Mostly owing to the elucidation of the molecular targets of effective psychopharmaceutical agents, much of the neurochemical work in mental disorders to date has focused on the role of the monoaminergic system. Despite the success of monoamine-related pharmacologic treatments, they are not effective in many patients, indicating that these systems are not the sole factors involved in these conditions. The role in mental illness of an alternative pathway, the polyamine system, has been gaining support. Although they are known better for their role in modulating the cell cycle, and consequently their relevance to cancer, research in the last few decades has shown the importance of the polyamines in numerous neurodegenerative conditions, and substantial evidence is emerging that supports their role in the pathophysiology of psychiatric disorders. Accordingly, the polyamines represent an important system for understanding the causes of mental illnesses and, in addition, provide a new pharmacologic target for their treatment.

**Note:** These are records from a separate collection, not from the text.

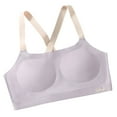 thumbnail image 3 of LRen Training Bras for Girls 6-7 Lightweight Soft Comfy Training Bras Girl Seamless Cami Bralettes Solid Color Light Padded Yoga Crop Top, 3 of 6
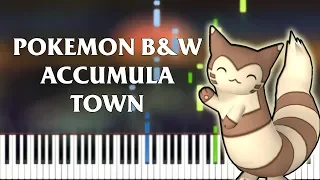 ACCUMULA TOWN - POKEMON BLACK/WHITE | Piano Tutorial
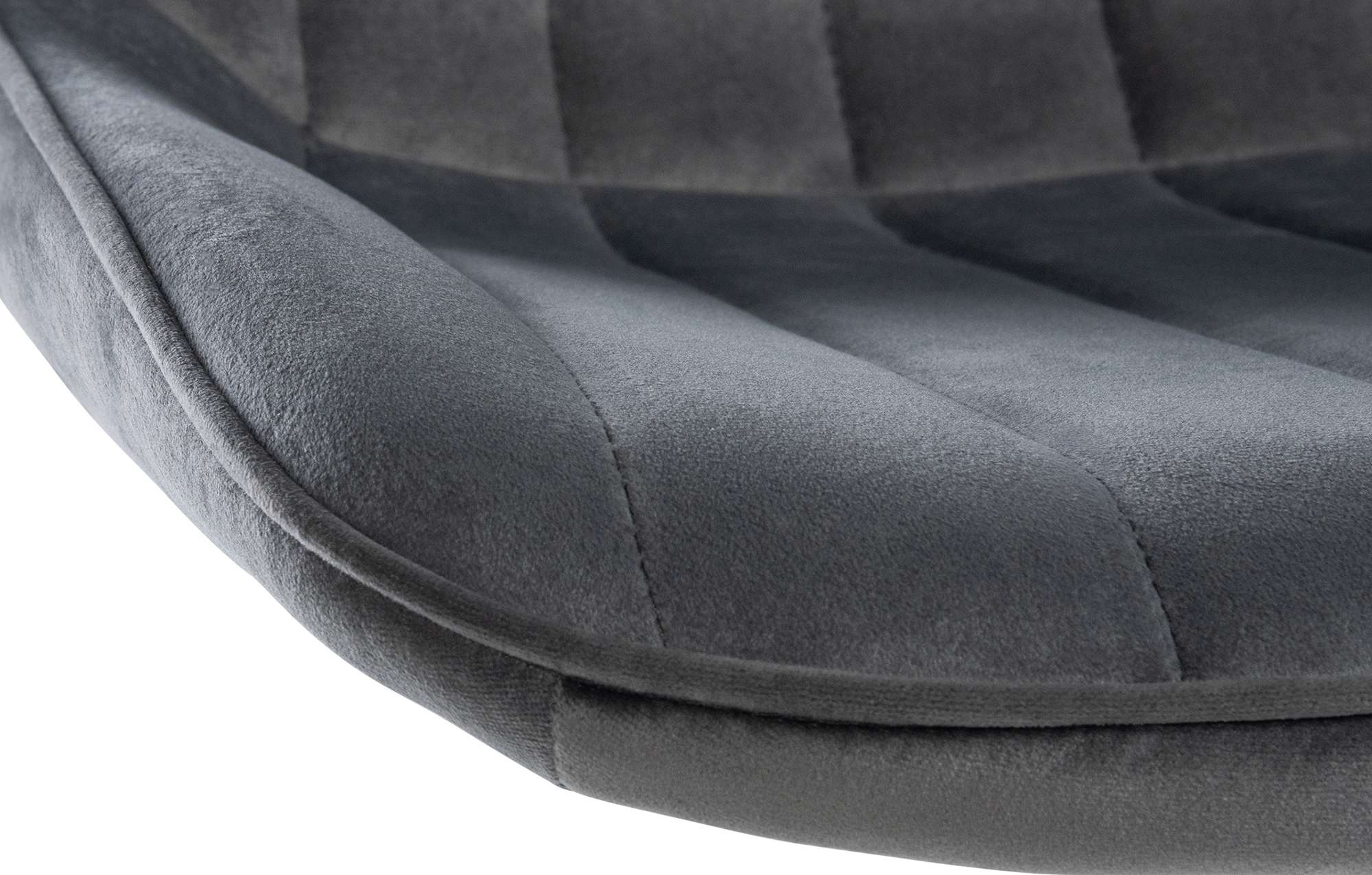 2er Set Barhocker Toni Samt weiß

This review focuses on evidence pertaining to altered levels of the polyamines and their metabolic enzymes in psychiatry, as well as on the possible role the polyamine system plays in the etiology of these disorders and mechanisms by which its effects may occur. First, however, we discuss the basic properties of the polyamines, as well as their metabolism, localization in the central nervous system (CNS) and relevant cellular functions.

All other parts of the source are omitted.